Hi. I'm wondering if anyone can point me to any information on techniques to decompose a matrix (actually a 3D matrix) into an outer product of vectors. Particularly, given $$M_{i,j,k}$$, I want to find vectors $$a_{i}$$, $$b_{i}$$ and $$c_{i}$$ such that

$$M_{i,j,k} = a_{i}b_{i}c_{i}$$
where the multiplication on the right is an outer product.

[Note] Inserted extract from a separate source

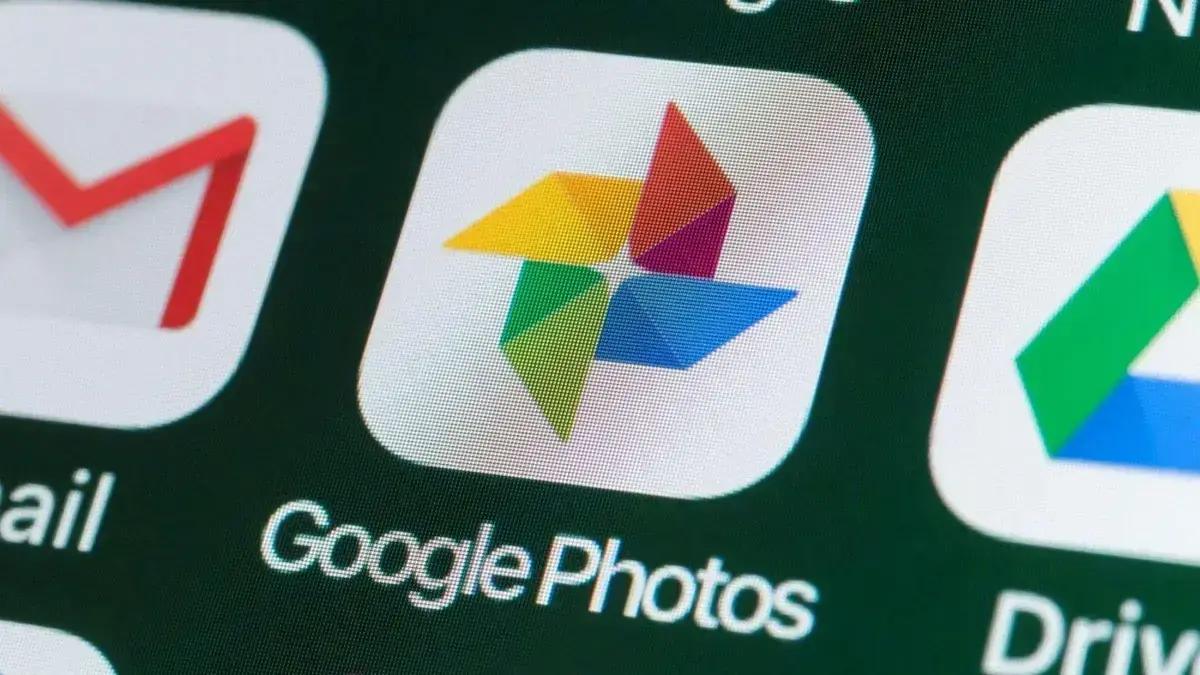 Google Fotos testa recurso para excluir fotos deslizando, similar ao Tinder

I've read that this is only possible if the matrix M has a rank of one, but I can find anything on how to actually decompose the matrix, only that it CAN BE done. Also, if M has rank one, does that mean that there is a "unique" decomposition? What if the rank is something other than one? In that case would it be possible to find a family of solutions?

Thanks for any help.

2. Sep 17, 2012

### Muphrid

Edit: strike all this, you meant a different outer product. Lemme think on this a bit more.

Last edited: Sep 17, 2012
3. Sep 17, 2012

### Bavid

Consider the matrix $$a_ib_j$$. This matrix is rank 1 since only one row and one column of this matrix is independently determined. The others rows(columns) bear constant ratios to this one row(column). Now if you take the ratio of successive elements in each row, it is easy to calculate $$a_1/a_2,b_2/b_3\ldots$$ etc.

Now write these ratios in terms of say $$a_1$$ and $$b_1$$. We name the ratios with the letter $$k$$, e.g., $$a_2=k^a_2a_1$$ (superscript does not denote exponent). Once you substitute all the $$k^a$$s and the $$k^b$$s, you get a matrix where $$a_1b_1$$ can be factored out and its value is known.

At this point, we cannot determine $$a_1$$ and $$b_1$$ individually. You can select $$a_1=p$$ and $$b_1=a_1b_1/p$$ and the resulting vector pairs will all work.

With a little extra work, this approach can be extended to higher order matrices.

4. Sep 17, 2012

### Pacopag

That's great Bavid! Is there ANYTHING that can be done if the matrix is not of rank 1? Or is it the case that no such decomposition exists, even up to undetermined coefficients, if the rank is anything other than 1?

5. Sep 17, 2012

### Bavid

It appears to me that rank 1 is necessary but not sufficient for a matrix to be represented as a_ib_j. For example, rank one matrices may have rows differing by a constant, as in (row_i)=m*(row_j)+c which could be rank 1 but not decomposable to a_ib_j.

Vector outer product ALWAYS produces a rank 1 matrix, at least among 3*3 matrices..think about it, there are 6 independent components in the constituent vectors but 9 components in the resulting matrix. So there is a well-defined interdependence of the matrix components. You cannot hope for any random matrix to be expressed as an outer product.

6. Sep 17, 2012

### Pacopag

That's great. Thanks.

7. Sep 17, 2012

### Stephen Tashi

One way to look at the Singular Value Decomposition (SVD) of a matrix is that it tells you how to express the matrix as a linear combination of outer products of vectors. Thus it may suggest away to approximate a matrix by using only some of the outer products in the linear combination.

I don't know what the SVD tells us about 3D arrays. We'd have to think about that.